It is telling that no Wuthering Heights formula has been developed for amateur
authors to follow. Perhaps the chore seems daunting. There is no doubt a series of plot
events, as the foundations of any novel; however, these events have not been perpetrated
consistently b any other author attempting to create a genre with them. Since Wuthering
Heights apparently does not belong in the category into which it is so often placed,
authors attempting to emulate the formula may have faded into obscurity by using what is
now its nightmarish “cliché.” Although formula romance can now be identified as
typical, the first writers of romance were no doubt innovative, although the origin of the
genre is so far removed from its state now, such reflection seems almost ridiculous in this
context. Nevertheless, as Arthur Heiserman puts it, “...romance is an entity unlike any
other... the origin must therefore have been a single human being, the man who first
committed what no self-respecting literary man in antiquity would have dared write - the
bastard prose medley of drama, epic, and history that is romance” (92). Brontë, likewise,
created something daring and quite shocking for the time in which it was released.
Romance, however, is the single entity here, and Woodiwiss’s novel is only part of this
entity. Wuthering Heights is an entity all of itself.
The benefits of creating a single entity as opposed to genre literature are
numerous. The stereotypes associated with the latter are limiting on the reader’s end.
Beauty in revealing discovery can be appreciated in a book that takes its own path. When
working with stereotypes, there is nothing new to know. Radway claims in Reading the
Romance that “the Smithton women are less interested in the particularities of their
heroes as individuals than in the roles most desirable among them to perform” (83). Such
“roles” reduce these romantic characters entirely, from human to cardboard. Crane makes
the argument that this kills the whole point of the field: “The sciences are most successful
when they seek to move from the diversity... toward as high a degree of unity... as their
materials permit. The humanities... are most alive when they reverse this process, and
look for... variety, the uniqueness, the unexpectedness, the complexity, the originality...”
(12). Woodiwiss has forfeited life for reliable predictability that gives her readers
precisely what they want in a romance. By building her novel around Proppian functions,
even Propp would anticipate various alterations in character: “The nomenclature and
attributes of characters are variable quantities of the tale... these attributes provide the tale
with its brilliance, charm and beauty” (87). Instead, The Wolf and the Dove uses roles
combined with functions - a method that, in effect, tells the same tale over and over.
In contrast, Wuthering Heights provides the richness of discovery through
characters and actions that a reader many well have never encountered before.

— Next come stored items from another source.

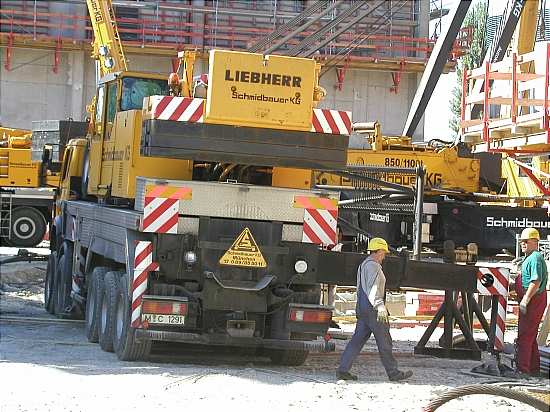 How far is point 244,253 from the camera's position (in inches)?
474

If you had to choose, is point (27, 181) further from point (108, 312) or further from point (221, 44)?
point (108, 312)

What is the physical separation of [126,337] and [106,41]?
895 cm

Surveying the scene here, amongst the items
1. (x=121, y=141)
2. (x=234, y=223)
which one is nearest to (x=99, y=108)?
(x=121, y=141)

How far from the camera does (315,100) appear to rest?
41.2 ft

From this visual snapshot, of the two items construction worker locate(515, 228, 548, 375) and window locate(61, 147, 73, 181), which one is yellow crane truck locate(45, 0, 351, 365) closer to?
construction worker locate(515, 228, 548, 375)

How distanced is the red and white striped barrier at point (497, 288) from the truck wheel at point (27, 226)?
18.6m

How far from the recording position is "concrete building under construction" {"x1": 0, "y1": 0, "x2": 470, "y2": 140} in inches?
1448

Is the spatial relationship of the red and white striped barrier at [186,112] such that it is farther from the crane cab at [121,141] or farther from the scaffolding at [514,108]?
the scaffolding at [514,108]

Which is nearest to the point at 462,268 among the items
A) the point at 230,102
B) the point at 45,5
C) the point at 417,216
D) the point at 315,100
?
the point at 417,216

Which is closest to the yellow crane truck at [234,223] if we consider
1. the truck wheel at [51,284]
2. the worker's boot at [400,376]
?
the worker's boot at [400,376]

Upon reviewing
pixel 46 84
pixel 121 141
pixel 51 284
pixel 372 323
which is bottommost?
pixel 51 284

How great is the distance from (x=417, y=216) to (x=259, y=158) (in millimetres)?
2441

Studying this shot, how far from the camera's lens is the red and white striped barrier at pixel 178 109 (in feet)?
39.2

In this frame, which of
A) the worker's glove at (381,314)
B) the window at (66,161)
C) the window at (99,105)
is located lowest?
the worker's glove at (381,314) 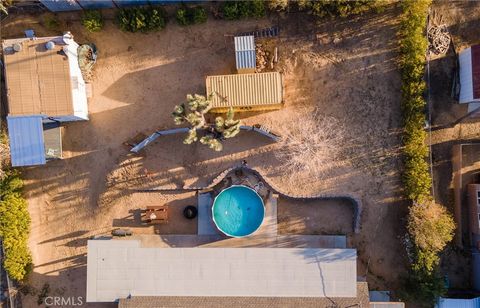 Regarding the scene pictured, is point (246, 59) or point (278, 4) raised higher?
point (278, 4)

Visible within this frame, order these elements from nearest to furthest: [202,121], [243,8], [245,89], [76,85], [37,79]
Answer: [202,121], [37,79], [245,89], [76,85], [243,8]

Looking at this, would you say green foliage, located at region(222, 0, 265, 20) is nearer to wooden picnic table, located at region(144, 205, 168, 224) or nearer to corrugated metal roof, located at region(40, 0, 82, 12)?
corrugated metal roof, located at region(40, 0, 82, 12)

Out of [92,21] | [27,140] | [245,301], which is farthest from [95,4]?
[245,301]

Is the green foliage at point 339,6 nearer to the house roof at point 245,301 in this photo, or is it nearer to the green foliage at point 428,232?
the green foliage at point 428,232

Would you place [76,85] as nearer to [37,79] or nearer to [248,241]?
[37,79]

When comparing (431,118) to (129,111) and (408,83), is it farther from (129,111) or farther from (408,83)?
(129,111)

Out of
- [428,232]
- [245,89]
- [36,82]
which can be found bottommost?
[428,232]

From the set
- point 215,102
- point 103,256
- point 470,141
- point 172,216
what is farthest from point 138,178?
point 470,141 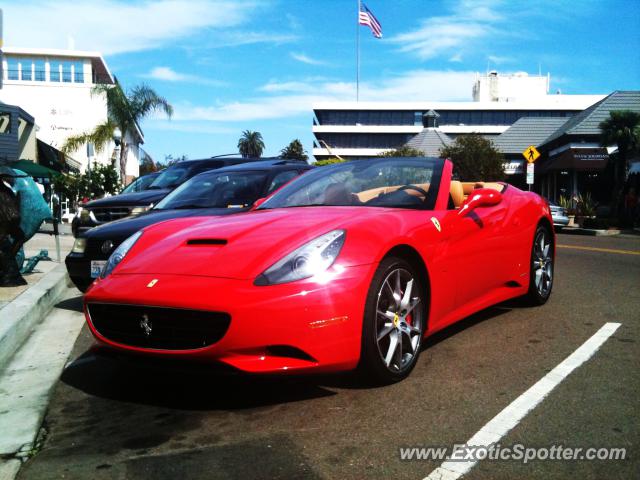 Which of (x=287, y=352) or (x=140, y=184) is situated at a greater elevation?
(x=140, y=184)

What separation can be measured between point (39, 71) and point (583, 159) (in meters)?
50.5

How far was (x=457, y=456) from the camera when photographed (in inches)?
112

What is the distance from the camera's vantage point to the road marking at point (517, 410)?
2715mm

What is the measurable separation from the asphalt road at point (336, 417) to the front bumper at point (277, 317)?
6.4 inches

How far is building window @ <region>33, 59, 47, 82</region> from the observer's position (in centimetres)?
6469

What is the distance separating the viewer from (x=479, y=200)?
15.5 ft

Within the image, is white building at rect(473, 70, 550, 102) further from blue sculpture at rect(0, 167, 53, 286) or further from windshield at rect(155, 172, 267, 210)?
blue sculpture at rect(0, 167, 53, 286)

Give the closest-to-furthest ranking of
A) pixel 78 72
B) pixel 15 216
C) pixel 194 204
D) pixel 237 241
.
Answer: pixel 237 241 → pixel 15 216 → pixel 194 204 → pixel 78 72

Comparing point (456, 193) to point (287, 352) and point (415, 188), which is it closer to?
point (415, 188)

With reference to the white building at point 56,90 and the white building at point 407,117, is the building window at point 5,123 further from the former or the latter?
the white building at point 407,117

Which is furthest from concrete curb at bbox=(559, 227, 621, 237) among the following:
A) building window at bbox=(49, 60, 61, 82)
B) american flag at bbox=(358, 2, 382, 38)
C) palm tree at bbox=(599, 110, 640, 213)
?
building window at bbox=(49, 60, 61, 82)

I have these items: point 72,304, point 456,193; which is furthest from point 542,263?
point 72,304

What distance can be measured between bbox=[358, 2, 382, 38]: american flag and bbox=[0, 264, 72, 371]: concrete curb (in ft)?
170

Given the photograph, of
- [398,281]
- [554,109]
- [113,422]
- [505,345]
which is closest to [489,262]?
[505,345]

Before
even finishing the first page of The Wolf and the Dove, we know several things. We
know Aislinn is an intelligent, beautiful, feisty woman; we know she will eventually meet
a dashing, strong, and brave man. We know they will highly dislike one another at first,
but we also know that they will eventually reconcile their differences and fall in love. We
know the story as well as the characters. The beauty in the Wuthering Heights story
comes from revealing things about people and events, the truth about them: “The two, to
a cool spectator, made a strange and fearful picture... [Catherine]’s present countenance
had a wild vindictiveness in its white cheek, and a bloodless lip, and scintillating eye... as
to her companion, while raising himself with one hand, he had taken her arm with the
other; and so inadequate was his stock of gentleness to the requirements of her condition,
that on his letting go, I saw four distinct impressions left blue in the colourless skin”

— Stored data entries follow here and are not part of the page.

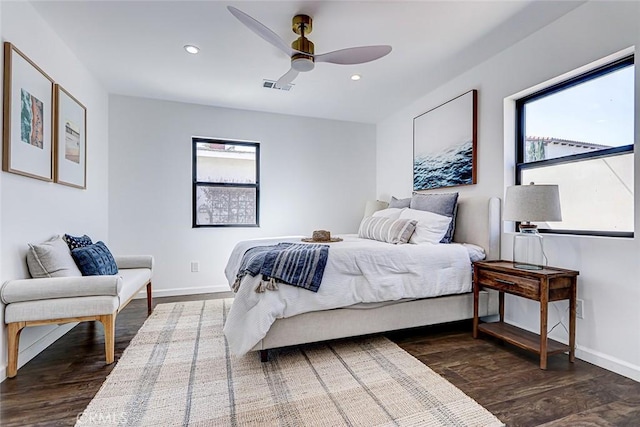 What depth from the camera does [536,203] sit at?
2.20 m

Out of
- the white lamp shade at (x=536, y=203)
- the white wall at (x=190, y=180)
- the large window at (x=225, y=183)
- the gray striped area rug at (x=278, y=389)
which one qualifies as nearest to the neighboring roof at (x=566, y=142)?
the white lamp shade at (x=536, y=203)

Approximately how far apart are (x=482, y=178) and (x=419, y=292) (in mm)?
1420

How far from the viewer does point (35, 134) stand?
2.34m

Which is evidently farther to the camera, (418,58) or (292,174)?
(292,174)

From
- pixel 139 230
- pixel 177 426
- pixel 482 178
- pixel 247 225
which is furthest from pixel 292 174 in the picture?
pixel 177 426

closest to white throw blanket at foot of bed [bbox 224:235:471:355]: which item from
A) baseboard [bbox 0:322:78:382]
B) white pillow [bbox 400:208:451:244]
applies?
white pillow [bbox 400:208:451:244]

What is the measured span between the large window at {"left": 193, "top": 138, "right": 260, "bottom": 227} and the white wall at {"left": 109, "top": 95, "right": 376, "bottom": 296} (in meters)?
0.10

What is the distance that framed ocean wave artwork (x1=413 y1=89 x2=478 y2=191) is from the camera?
10.6ft

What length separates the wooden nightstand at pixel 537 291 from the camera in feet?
6.84

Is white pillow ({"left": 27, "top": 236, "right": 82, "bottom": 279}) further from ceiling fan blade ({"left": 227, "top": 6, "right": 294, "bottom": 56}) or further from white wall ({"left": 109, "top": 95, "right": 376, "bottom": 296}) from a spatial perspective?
ceiling fan blade ({"left": 227, "top": 6, "right": 294, "bottom": 56})

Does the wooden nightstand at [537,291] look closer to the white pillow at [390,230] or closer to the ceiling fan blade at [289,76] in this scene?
the white pillow at [390,230]

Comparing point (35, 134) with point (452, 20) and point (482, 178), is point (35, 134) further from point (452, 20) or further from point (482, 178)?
point (482, 178)

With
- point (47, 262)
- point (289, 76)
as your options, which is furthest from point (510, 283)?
point (47, 262)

(117-118). Tenderness combined with aggression - an unlikely combination. Plot
devices are used in much the same way, for who would expect Catherine to die halfway
through a love story as this, or Heathcliff to become so bent on revenge he almost
destroys an entire family? Thus Catherine and Heathcliff, and the plot, are revealed to us.
Stereotypes leave little room for truth or revelation.

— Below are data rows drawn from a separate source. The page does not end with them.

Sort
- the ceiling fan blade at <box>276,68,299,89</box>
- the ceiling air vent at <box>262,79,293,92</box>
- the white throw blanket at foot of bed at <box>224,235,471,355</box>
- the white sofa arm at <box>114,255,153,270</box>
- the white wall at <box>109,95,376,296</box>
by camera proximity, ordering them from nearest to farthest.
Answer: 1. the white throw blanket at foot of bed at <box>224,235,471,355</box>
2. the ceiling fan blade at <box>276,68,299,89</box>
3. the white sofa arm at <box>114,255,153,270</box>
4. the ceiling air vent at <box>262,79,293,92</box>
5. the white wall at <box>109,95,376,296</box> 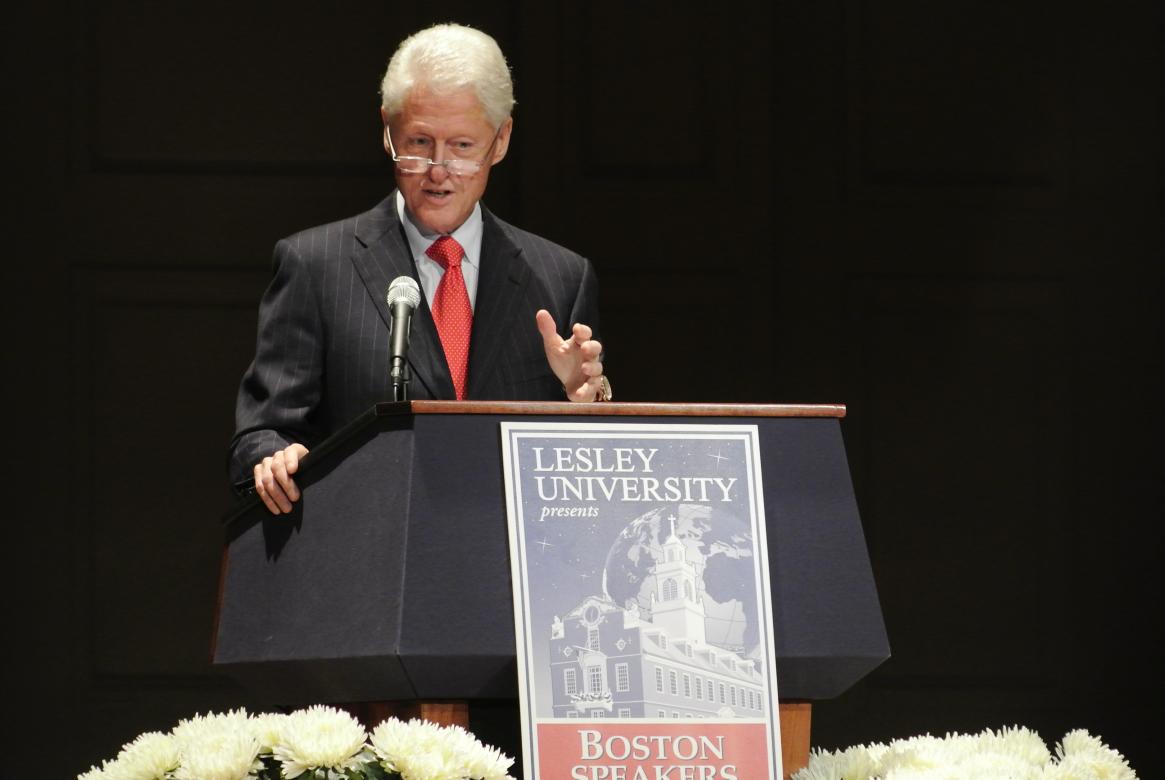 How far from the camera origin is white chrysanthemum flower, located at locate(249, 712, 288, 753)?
1.69 m

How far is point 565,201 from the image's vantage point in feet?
14.1

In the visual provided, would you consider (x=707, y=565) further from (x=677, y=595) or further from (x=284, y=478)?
(x=284, y=478)

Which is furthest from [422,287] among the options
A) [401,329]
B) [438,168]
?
[401,329]

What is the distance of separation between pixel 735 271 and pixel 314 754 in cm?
284

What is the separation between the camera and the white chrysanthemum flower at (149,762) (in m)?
1.69

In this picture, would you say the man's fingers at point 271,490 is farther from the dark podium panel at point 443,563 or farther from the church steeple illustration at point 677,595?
the church steeple illustration at point 677,595

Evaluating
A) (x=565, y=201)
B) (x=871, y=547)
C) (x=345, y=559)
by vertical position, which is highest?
(x=565, y=201)

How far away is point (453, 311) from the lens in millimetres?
2471

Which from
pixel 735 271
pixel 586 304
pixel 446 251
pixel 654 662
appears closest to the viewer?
pixel 654 662

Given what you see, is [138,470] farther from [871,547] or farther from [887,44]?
[887,44]

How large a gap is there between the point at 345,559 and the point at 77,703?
2448 millimetres

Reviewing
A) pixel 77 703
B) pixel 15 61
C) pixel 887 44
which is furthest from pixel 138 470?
pixel 887 44

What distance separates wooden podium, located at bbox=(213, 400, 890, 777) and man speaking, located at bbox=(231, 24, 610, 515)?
367mm

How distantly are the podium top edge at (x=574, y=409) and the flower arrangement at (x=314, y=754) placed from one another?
33 centimetres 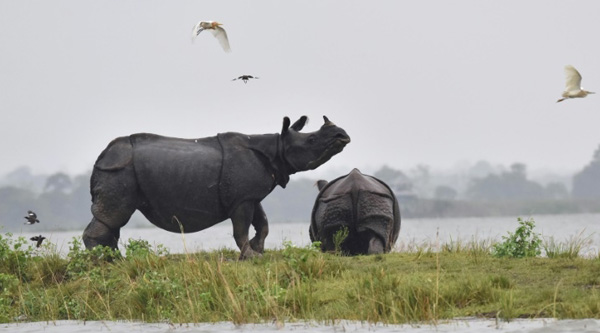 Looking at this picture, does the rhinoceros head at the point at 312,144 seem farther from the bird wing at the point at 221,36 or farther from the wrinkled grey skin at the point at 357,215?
the bird wing at the point at 221,36

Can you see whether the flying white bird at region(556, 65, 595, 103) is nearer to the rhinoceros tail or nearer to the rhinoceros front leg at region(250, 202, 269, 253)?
the rhinoceros front leg at region(250, 202, 269, 253)

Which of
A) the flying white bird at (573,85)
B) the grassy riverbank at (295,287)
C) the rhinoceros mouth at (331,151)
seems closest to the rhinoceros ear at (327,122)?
the rhinoceros mouth at (331,151)

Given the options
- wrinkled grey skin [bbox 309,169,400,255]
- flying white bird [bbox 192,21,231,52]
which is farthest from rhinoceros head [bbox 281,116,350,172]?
flying white bird [bbox 192,21,231,52]

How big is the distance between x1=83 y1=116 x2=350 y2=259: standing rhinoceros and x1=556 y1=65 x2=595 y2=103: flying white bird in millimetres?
3631

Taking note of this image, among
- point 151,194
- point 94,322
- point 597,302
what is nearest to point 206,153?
point 151,194

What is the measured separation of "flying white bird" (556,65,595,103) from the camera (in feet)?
50.8

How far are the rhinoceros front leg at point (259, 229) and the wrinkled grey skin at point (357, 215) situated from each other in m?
0.80

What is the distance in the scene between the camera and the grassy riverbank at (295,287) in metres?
10.2

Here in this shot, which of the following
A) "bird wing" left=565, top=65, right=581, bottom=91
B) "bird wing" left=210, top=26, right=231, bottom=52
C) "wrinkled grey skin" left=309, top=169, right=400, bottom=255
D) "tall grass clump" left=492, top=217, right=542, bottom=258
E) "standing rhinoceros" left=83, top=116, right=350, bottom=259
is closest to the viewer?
"tall grass clump" left=492, top=217, right=542, bottom=258

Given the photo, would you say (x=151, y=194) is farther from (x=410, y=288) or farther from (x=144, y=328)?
(x=410, y=288)

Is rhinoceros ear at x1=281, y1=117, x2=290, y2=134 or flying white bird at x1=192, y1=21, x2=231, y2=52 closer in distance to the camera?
rhinoceros ear at x1=281, y1=117, x2=290, y2=134

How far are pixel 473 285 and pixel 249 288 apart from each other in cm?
233

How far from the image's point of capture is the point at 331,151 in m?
14.2

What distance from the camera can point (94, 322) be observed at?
37.7 feet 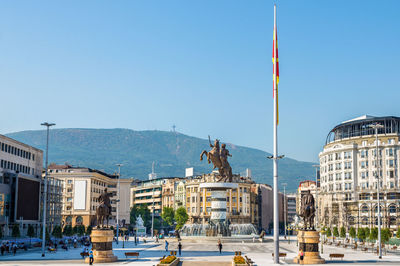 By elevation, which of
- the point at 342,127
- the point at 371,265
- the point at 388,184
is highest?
the point at 342,127

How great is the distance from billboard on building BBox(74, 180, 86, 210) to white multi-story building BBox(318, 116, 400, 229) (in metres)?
67.6

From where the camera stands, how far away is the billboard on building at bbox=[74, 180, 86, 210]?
511ft

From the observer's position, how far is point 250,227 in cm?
8644

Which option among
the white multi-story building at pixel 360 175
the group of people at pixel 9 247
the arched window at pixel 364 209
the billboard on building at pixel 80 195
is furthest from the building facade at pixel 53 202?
the arched window at pixel 364 209

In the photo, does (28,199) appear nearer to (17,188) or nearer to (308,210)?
(17,188)

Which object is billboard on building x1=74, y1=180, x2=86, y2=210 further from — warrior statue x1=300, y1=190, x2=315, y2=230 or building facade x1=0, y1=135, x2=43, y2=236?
warrior statue x1=300, y1=190, x2=315, y2=230

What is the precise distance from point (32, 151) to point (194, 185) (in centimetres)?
5705

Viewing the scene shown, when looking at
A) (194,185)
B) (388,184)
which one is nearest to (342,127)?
(388,184)

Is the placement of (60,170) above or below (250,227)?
above

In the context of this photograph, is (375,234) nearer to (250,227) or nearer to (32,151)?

Having said all this, however, there are still no doubt certain individuals who
would prefer The Wolf and the Dove to Wuthering Heights. Not, in this case, because it
is a better novel, but because it caters to what specific readers want out of a reading
experience. The experience of Brontë’s novel is unusual, dark, and sometimes
unpleasant, and therefore, in some readers’ eyes, “worse” than the experience Woodiwiss
gives. To many, as Heiserman says is typical of romance, “the plot is like a daydream”
(91). In a romance such as The Wolf and the Dove, the dream is such, leaving an outside
entity such as Woodiwiss to know the dreams of her readers and write in a way that
fulfills them. The difference between a romantic fantasy and any other dream is that of
knowing - in a romance, the characters are already created and have been countless times,
the plot is already known and will be to the end.
To the dreamer, Wuthering Heights may be a nightmare. It is stormy,
unpredictable, and unreliable. But the experience is a deeper one: dreamers have no idea
what lurks behind the doors, and wake up sweating and shaking when they find out, full
of adrenaline and life. Which dream will be remembered more clearly? Elder Olson
writes, “The sensational forms give us the experience; the superior forms give us
significant experience; and they are superior in the degree that they significance is a
superior one.” Personal preference may very well be of the confined, limited type, being
well aware of what lies ahead and taking more pleasure in The Wolf and the Dove. But
Wuthering Heights reveals unknown truths, exhibits unusual terrors in a nightmare that
may not be as pleasant, but will certainly make more of a mark on the mind of the
unsuspecting dreamer.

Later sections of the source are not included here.